Why make everyone swear in the name of God, Assam court of petitions lawyer



Oaths Act 1969 violates rights of non-believers who swear by scientific thought, Assam-based lawyer says in petition

Oaths Act 1969 violates rights of non-believers who swear by scientific thought, Assam-based lawyer says in petition

Why should an atheist or non-believer swear in the name of God, an Assam lawyer asked at the Gauhati High Court.

Fazluzzaman Mazumder, a barrister who practices in court, said the 1969 Oaths Act which involves swearing in the name of God in a courtroom is an obstacle to the exercise of liberal and scientific thought guaranteed by Article 25 of the Constitution of India.

In his petition to the court, he said that Form 1 and Section 6 of the Oaths Act requires a person to swear in the name of God while declaring anything in court. While Article 25 protects the rights of believers and non-believers, he questioned why an atheist petitioner should be required to take an oath in the name of God.

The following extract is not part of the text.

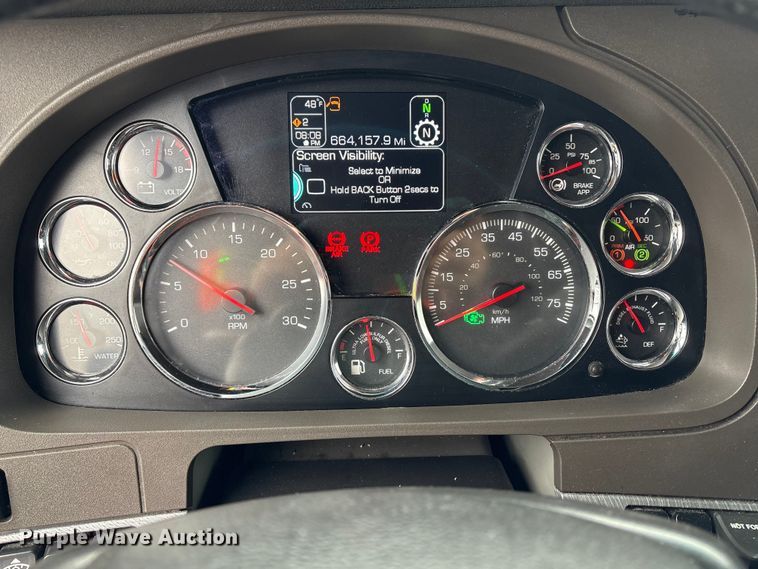 image for item YA2081 2019 Kenworth T680 semi truck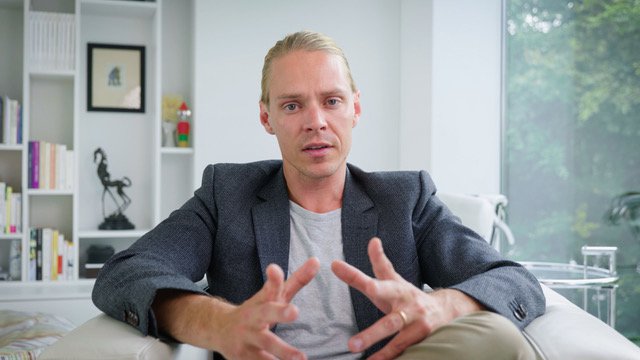 Deze groeistrateeg zet met zijn unieke aanpak Vlaamse ondernemers op het juiste spoor: “Met heel kleine ingrepen zorg ik op korte termijn voor een compleet ander resultaat”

Mr Mazumder said he “does not believe in supernatural power or entity at all” as a “secular, liberal, science-minded citizen” and believes there is “no religion greater than fraternity and humanity”. He does not observe any religious rituals in his personal life and therefore does not believe in the existence of God, he said.

He added that his right not to believe in any religion or supernatural entity is recognized and guaranteed by Articles 25 and 26 of the Constitution. The essence of Article 25 is that the right to practice a religion includes the right not to practice it, he argued.

“In addition, Article 26 says that all denominations can manage their own affairs in matters of religion provided that the same honors are of public order, morality and health,” reads his petition filed before the court. High Court on November 10.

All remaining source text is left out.